BRIEF
What you write should be an exact copy of the material, from its first line through the line containing "mapa de carreteras cercanas a Ribadeo".

========

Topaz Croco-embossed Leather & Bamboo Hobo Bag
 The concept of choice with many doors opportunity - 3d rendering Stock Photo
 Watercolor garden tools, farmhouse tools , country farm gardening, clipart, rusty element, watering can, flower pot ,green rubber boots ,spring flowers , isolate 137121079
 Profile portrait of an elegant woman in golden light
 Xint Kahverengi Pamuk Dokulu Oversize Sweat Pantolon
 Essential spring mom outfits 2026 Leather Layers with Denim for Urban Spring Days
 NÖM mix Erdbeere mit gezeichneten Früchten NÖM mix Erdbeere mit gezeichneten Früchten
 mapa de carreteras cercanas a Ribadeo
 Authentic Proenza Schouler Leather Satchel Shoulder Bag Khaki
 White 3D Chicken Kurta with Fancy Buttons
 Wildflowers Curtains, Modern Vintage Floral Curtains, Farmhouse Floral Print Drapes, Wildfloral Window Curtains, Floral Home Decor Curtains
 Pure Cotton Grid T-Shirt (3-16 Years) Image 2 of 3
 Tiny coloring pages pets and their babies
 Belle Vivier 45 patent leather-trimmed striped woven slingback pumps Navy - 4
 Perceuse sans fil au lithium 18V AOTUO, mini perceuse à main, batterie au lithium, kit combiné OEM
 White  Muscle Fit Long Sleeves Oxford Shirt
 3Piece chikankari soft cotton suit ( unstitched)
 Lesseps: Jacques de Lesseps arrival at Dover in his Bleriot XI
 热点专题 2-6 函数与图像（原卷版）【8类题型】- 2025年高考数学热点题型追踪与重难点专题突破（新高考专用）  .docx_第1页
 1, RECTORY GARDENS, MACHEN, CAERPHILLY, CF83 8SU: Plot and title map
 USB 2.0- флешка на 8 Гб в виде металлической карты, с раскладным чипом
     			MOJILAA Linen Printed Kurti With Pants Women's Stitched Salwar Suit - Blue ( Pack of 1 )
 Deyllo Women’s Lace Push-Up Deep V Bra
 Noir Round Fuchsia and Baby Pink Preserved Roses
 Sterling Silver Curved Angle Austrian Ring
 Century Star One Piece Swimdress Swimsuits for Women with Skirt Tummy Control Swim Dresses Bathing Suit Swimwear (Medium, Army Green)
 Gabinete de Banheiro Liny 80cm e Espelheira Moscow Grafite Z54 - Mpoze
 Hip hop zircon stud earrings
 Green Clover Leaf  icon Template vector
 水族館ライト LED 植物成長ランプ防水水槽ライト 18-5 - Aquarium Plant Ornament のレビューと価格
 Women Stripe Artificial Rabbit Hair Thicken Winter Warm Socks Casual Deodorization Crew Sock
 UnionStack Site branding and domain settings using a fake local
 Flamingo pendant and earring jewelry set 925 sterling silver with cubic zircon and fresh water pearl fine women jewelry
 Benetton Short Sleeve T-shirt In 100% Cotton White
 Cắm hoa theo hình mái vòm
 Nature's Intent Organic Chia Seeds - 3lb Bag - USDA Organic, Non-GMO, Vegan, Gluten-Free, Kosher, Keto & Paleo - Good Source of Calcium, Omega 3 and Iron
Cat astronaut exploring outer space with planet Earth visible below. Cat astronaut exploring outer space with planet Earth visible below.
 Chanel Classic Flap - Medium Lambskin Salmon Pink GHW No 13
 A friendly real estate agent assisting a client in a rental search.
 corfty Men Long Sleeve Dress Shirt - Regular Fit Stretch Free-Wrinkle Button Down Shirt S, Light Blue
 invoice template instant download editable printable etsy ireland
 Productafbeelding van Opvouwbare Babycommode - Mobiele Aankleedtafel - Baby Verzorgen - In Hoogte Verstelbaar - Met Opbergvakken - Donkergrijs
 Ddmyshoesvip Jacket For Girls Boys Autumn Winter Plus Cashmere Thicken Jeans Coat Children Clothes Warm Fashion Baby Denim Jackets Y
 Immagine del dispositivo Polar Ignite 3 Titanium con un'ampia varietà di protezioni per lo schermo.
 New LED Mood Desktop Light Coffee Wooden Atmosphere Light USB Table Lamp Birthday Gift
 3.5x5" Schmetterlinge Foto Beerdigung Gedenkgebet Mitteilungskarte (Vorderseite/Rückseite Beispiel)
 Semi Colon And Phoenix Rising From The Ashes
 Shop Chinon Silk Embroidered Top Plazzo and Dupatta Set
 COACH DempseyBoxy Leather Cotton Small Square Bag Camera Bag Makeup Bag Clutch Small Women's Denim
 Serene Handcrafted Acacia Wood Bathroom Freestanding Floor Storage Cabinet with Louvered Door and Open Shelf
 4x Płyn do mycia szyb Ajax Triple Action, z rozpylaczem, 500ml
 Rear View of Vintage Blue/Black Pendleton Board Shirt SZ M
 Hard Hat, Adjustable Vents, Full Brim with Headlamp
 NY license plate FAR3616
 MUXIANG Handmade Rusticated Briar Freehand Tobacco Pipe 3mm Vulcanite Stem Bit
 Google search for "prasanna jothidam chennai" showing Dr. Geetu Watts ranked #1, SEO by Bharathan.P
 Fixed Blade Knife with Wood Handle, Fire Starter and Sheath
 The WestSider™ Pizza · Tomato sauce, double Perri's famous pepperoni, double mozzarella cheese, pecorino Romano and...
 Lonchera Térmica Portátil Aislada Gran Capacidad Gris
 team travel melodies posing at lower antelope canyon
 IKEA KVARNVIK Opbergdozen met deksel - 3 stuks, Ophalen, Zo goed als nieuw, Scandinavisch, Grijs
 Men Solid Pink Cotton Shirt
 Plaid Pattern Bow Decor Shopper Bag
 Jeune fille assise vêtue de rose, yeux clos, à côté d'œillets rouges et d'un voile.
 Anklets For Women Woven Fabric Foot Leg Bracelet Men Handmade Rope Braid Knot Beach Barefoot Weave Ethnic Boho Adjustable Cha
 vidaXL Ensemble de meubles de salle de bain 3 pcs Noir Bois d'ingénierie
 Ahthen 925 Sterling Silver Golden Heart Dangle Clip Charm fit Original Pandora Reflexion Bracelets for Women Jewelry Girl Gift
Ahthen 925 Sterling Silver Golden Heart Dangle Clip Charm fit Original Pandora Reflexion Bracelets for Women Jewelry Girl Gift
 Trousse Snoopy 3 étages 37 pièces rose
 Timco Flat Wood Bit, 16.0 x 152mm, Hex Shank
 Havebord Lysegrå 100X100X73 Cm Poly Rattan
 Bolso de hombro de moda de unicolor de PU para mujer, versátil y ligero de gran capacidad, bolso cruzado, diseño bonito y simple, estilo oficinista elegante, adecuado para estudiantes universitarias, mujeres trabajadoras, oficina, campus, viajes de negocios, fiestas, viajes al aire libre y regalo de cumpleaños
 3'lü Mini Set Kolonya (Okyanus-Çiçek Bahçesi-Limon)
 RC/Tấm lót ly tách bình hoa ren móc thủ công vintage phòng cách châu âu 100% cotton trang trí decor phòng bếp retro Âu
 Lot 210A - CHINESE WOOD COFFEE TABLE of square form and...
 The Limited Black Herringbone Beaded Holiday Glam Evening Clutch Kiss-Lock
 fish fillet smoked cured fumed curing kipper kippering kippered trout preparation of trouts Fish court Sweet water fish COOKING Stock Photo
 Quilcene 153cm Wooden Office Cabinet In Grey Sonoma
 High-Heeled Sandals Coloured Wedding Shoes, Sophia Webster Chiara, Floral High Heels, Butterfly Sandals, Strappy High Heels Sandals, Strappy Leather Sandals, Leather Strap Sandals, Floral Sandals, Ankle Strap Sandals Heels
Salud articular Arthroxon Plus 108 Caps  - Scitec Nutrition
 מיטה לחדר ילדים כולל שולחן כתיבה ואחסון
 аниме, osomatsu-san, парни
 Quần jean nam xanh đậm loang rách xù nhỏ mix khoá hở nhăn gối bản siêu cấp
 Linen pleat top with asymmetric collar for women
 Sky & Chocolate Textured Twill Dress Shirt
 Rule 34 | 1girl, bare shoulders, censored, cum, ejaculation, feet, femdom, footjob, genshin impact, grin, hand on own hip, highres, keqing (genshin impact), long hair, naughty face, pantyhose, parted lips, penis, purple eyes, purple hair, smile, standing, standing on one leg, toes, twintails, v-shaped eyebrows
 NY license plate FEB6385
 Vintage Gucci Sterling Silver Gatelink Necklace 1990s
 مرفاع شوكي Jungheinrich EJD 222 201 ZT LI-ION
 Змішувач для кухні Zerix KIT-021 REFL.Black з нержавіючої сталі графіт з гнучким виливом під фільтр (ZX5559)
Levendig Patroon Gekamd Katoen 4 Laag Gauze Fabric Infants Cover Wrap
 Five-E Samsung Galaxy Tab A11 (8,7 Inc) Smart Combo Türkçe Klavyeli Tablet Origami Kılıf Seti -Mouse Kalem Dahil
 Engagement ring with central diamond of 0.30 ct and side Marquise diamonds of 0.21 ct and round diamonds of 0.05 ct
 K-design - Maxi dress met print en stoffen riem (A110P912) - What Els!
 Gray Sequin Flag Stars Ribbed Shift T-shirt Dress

========

COMPLETED EXERCISE
Topaz Croco-embossed Leather & Bamboo Hobo Bag
 The concept of choice with many doors opportunity - 3d rendering Stock Photo
 Watercolor garden tools, farmhouse tools , country farm gardening, clipart, rusty element, watering can, flower pot ,green rubber boots ,spring flowers , isolate 137121079
 Profile portrait of an elegant woman in golden light
 Xint Kahverengi Pamuk Dokulu Oversize Sweat Pantolon
 Essential spring mom outfits 2026 Leather Layers with Denim for Urban Spring Days
 NÖM mix Erdbeere mit gezeichneten Früchten NÖM mix Erdbeere mit gezeichneten Früchten
 mapa de carreteras cercanas a Ribadeo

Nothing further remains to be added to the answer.